SpaceX launches unmanned US capsule
The SpaceX company has launched a capsule from the Kennedy Space Center in Florida designed to carry people
Saturday, 2nd March 2019
The SpaceX company has launched a capsule from the Kennedy Space Center in Florida designed to carry people.
The mission is unscrewed for this flight, but if it goes well, the American space agency is likely to approve the system for regular astronaut use from later this year.
The successful launch puts SpaceX one step closer to a historic landmark: Crew Dragon could be the first commercially built spacecraft to carry NASA astronauts to orbit. And Crew Dragon — along with a capsule called Starliner built by Boeing — could end the United States' decade-long reliance on Russia for human spaceflight.

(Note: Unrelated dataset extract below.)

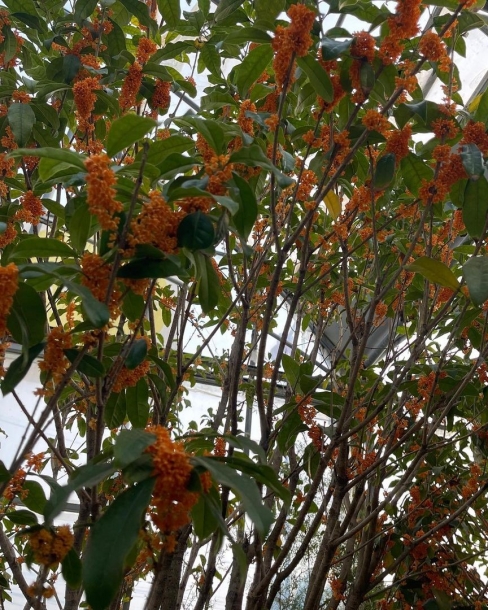 금목서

SpaceX's capsule is now en route to the International Space Station, which flies about 254 miles above Earth at tremendous speeds: about 10 times faster than a bullet.

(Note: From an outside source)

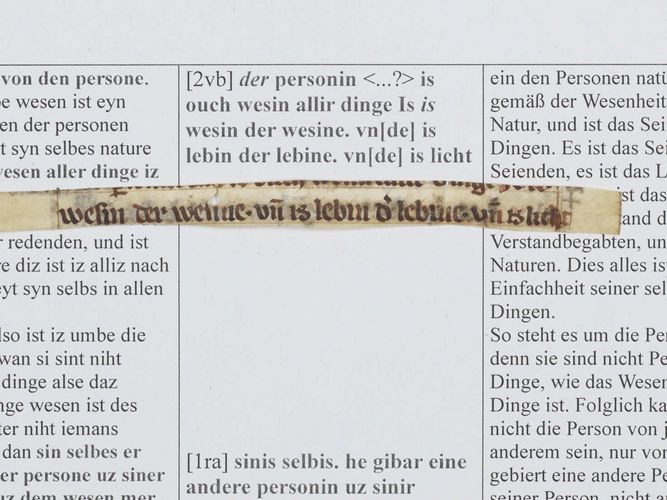 Auf den Pergamentfragmenten sind Ausschnitte aus dem weit verbreiteten Text "Von zweierlei Wegen" erhalten.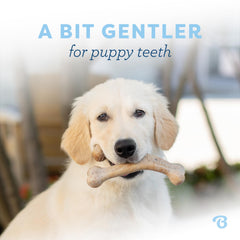 Benebone Puppy Wishbone real bacon-flavor adores dogs during chewing sessions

Crew Dragon is carrying a dummy named Ripley, named for the "Alien" protagonist, instead of people. And it will dock with the orbiting laboratory on Sunday to drop off about 400 pounds of supplies before it flies back home five days later.
This marks the first and only demo mission that Crew Dragon will fly without humans on board. If all goes well, the capsule design will undergo a few more reviews and safety checks, and it could be ready to fly two NASA astronauts to the space station in July, based on the space agency's current timeline.
Not since the retirement of the shuttles in 2011 has the US been able to put humans in orbit.
SpaceX and Boeing (BA) have contracts worth up to $2.6 billion and $4.2 billion, respectively.
Both projects have been beleaguered with delays, and NASA and its oversight regulators have raised safety concerns that will have to be resolved before humans set foot on either spacecraft.
Meanwhile, NASA has paid Russia about $80 million per seat to send US astronauts to space aboard Soyuz rockets — a fact that isn't very popular in the halls of Congress.
SpaceX's first crewed mission, which will fly NASA astronauts Doug Hurley and Bob Behnken, could happen by July, according to NASA's most recent schedule.
Boeing's Starliner is slated to fly its first demo mission without a crew no earlier than April.